SENZA CENSURA N.12

NOVEMBRE 2003

 

Costi di guerra e costi della guerra

 

Negli ultimi anni, le ristrutturazioni e i tagli alla spesa pubblica, hanno sempre più attaccato il livello di vita di lavoratori e proletari in nome di una sempre maggiore appropriazione di quanto prodotto, il tutto mascherato dal rinomato bisogno di sanare il deficit pubblico.

La stessa attenzione al bilancio non la notiamo quando si tratta di sostenere le strategie di guerra della borghesia attraverso l’accollarsi, a livello di bilancio nazionale, dei costi che questa comporta.

Non è casuale il gran da farsi da parte americana nel coinvolgere l’Onu, e di conseguenza anche i restii paesi membri ad accodarsi senza voce in capitolo alla guerra Usa, nella gestione dell’occupazione dell’Irak, certamente per non trovarsi isolata con i numerosi “sacchi neri” che ritornano in patria, ma non secondario per non aggravare ulteriormente la provata economia Usa.

La necessità di reperire risorse per coprire i costi della guerra in Irak, costi della guerra internazionale al terrorismo, costi relativi all’adeguamento della struttura militare europea e conseguente sostegno alla sua industria bellica, è chiaro che presupponga una ricaduta su quanto può essere dirottato su sanità, servizi pubblici, ecc. E’ anzi presumibile che attinga, direttamente o indirettamente, a quelle risorse che già sono accantonate, come le pensioni, per pagare le continue ristrutturazioni dovute ad una crisi che questa guerra di lunga durata mette ancora più allo scoperto.

Con questo articolo vorremmo cercare di approfondire, per quanto ci è possibile, il binomio costi di guerra e costi della guerra, dove da una parte affrontare i costi della guerra guerreggiata, dall’altra le ricadute sul proletariato in termini economici.

 

Già nei numeri precedenti, oltre che ribadire la crisi come causa reale della guerra di lunga durata della Borghesia Imperialista (BI), abbiamo riportato le cifre relative ai costi della guerra in Irak, cifre presunte visto che la guerra non era ancora nella sua fase di guerra di terra.

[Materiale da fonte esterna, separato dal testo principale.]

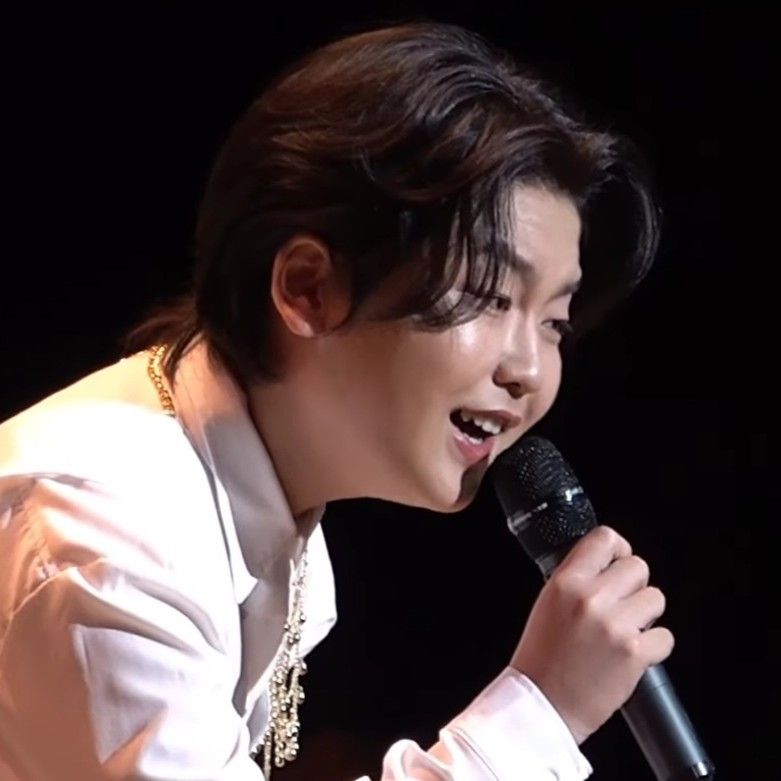 A moment captured by a fan of Park Sungon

In una lettera di Bush al Congresso datata 17 settembre, sono contenute le richieste finanziarie per la difesa o meglio per continuare la guerra al terrorismo. Sufficientemente dettagliate per comparare i costi rispetto a quanto prospettato in questi mesi dai vari analisti.

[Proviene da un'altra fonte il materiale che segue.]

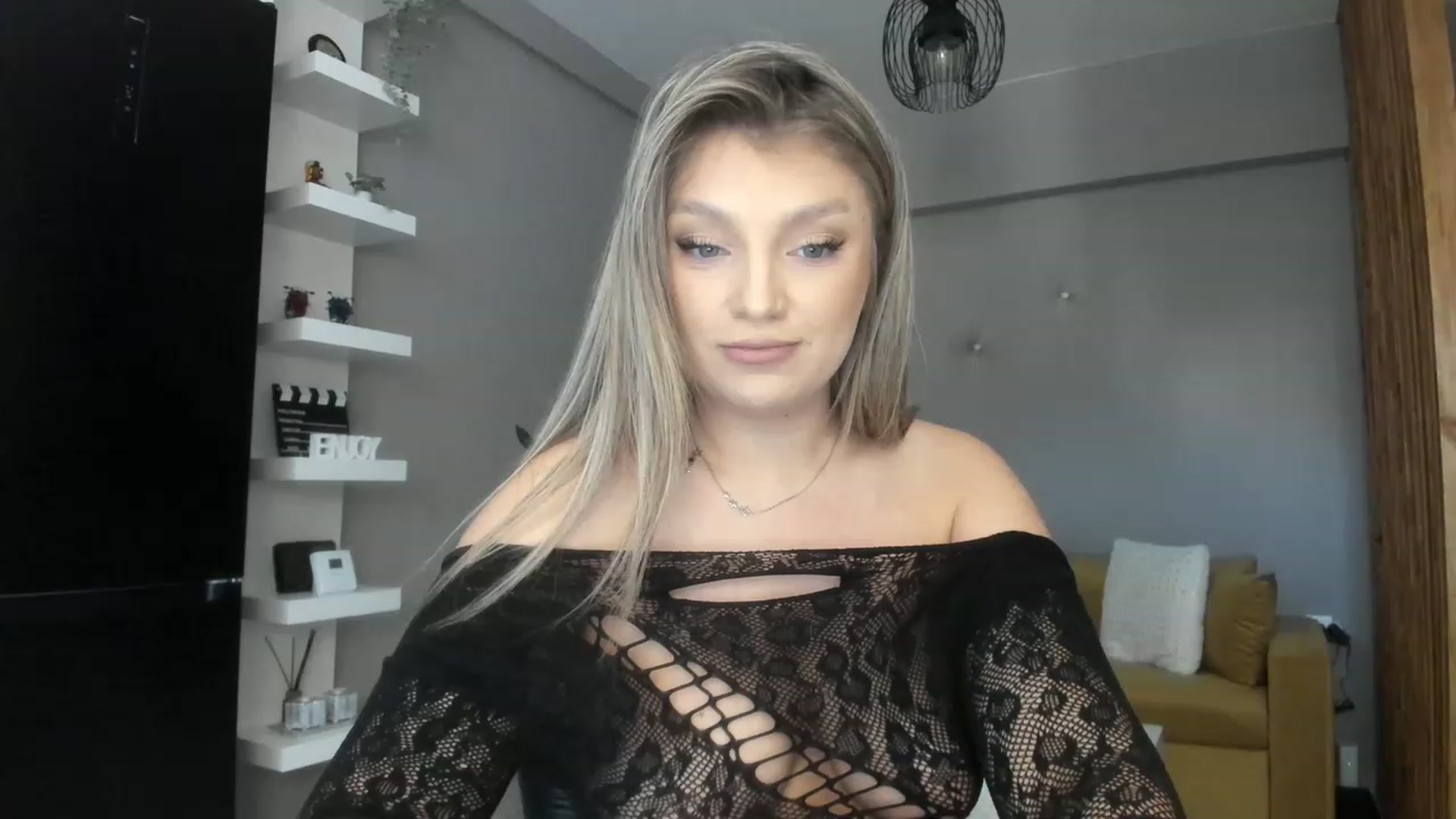 Gallery image thumbnail from WetSelf's myfreecams stream on, 03/30/2023, 11:56 image 1 of 20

Abbastanza chiara la premessa alla richiesta di ulteriori risorse, nella quale sono motivate le ragioni per le quali è necessario procedere in tale direzione: “per procedere ad ulteriori operazioni militari e di intelligence in Irak, Afghanistan, e ovunque”.

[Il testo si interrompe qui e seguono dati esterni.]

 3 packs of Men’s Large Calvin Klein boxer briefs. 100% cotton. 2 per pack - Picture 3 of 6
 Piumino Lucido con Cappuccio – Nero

Il governo Usa richiede per il 2004 circa 65,5 miliardi di dollari, che vanno ad aggiungersi al “normale” budget di spesa militare, suddivisi 51 miliardi destinati alla guerra in Irak, 11 miliardi per le operazioni militari in Afghanistan e il restante per i partner della coalizione che sostengono la politica imperialista Usa. A questi devono essere aggiunti altri 21,5 miliardi di dollari da destinarsi alla Autorità Provvisoria irachena suddivisi in circa 20 miliardi per il Fondo Ricostruzione, 800 milioni per la sicurezza in Afghanistan e il restante per altre attività del Dipartimento di stato.

Ma non sono solo gli Usa che devono fare i conti con i costi della guerra in Irak. Anche la Gran Bretagna, che non di meno si è impegnata sul piano militare nella guerra contro l’Irak, ha dovuto prevedere un sostanziale aumento per le spese militari nel suo bilancio.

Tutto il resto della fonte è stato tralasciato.